> [Supplied material]
*** Block opens ***

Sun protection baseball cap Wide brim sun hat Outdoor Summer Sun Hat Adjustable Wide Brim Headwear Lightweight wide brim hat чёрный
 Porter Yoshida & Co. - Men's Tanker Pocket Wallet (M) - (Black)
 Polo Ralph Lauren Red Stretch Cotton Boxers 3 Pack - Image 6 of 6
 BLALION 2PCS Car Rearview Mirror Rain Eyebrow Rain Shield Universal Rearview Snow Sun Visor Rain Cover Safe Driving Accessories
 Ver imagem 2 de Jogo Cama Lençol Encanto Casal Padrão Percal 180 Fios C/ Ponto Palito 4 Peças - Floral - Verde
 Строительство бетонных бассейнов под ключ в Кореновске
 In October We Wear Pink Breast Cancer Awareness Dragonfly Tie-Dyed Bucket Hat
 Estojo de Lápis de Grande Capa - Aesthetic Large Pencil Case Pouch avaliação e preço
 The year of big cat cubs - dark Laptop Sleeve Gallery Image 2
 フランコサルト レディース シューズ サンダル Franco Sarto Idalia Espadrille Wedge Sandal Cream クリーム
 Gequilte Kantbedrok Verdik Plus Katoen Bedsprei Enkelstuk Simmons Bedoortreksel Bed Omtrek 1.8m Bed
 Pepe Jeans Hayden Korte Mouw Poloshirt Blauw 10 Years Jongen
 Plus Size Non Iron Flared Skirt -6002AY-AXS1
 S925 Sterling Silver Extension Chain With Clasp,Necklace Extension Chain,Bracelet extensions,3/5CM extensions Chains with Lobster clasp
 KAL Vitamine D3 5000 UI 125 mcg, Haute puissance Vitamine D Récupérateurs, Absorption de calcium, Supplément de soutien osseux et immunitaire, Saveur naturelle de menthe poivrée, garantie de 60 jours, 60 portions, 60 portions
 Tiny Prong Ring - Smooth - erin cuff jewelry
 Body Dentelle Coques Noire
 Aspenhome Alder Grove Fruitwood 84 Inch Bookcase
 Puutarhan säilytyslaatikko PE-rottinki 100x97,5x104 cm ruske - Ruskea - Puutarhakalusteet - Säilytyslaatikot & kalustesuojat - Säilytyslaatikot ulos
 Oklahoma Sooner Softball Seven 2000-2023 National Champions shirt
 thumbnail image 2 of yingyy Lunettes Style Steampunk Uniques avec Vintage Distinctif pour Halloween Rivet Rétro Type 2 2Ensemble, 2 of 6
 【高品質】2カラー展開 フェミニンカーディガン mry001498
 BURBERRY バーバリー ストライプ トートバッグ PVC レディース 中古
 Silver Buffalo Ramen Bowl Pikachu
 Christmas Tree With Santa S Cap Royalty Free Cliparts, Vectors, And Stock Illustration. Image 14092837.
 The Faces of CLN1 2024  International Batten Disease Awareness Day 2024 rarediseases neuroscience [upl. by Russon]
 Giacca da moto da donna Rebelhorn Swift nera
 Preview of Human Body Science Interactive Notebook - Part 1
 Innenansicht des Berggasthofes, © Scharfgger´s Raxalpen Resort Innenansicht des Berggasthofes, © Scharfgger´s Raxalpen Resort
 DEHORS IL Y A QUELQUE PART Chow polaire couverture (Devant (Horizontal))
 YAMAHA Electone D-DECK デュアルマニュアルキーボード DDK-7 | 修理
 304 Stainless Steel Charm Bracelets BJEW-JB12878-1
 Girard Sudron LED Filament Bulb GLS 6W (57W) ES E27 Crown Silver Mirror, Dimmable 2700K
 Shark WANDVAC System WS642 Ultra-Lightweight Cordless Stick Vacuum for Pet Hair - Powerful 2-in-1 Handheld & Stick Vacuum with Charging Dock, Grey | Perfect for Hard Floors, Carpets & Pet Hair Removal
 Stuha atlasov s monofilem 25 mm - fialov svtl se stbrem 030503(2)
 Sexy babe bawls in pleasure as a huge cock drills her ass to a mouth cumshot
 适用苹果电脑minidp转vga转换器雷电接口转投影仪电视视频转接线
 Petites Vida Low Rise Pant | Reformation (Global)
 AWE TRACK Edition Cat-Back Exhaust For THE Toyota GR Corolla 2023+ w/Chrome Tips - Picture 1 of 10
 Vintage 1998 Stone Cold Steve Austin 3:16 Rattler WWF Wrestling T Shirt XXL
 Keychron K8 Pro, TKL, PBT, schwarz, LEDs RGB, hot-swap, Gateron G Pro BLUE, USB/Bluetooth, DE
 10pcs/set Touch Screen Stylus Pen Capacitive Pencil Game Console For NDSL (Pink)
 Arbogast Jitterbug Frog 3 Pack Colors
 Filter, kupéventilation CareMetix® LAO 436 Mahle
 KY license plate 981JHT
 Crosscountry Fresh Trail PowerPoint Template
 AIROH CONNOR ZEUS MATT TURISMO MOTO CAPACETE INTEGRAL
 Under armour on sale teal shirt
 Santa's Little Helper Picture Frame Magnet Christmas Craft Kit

*** Block closes ***

> [The problem]
Some of the data mentions "Picture". Copy every line where it does.

> [Reply to the exercise]
 AWE TRACK Edition Cat-Back Exhaust For THE Toyota GR Corolla 2023+ w/Chrome Tips - Picture 1 of 10
 Santa's Little Helper Picture Frame Magnet Christmas Craft Kit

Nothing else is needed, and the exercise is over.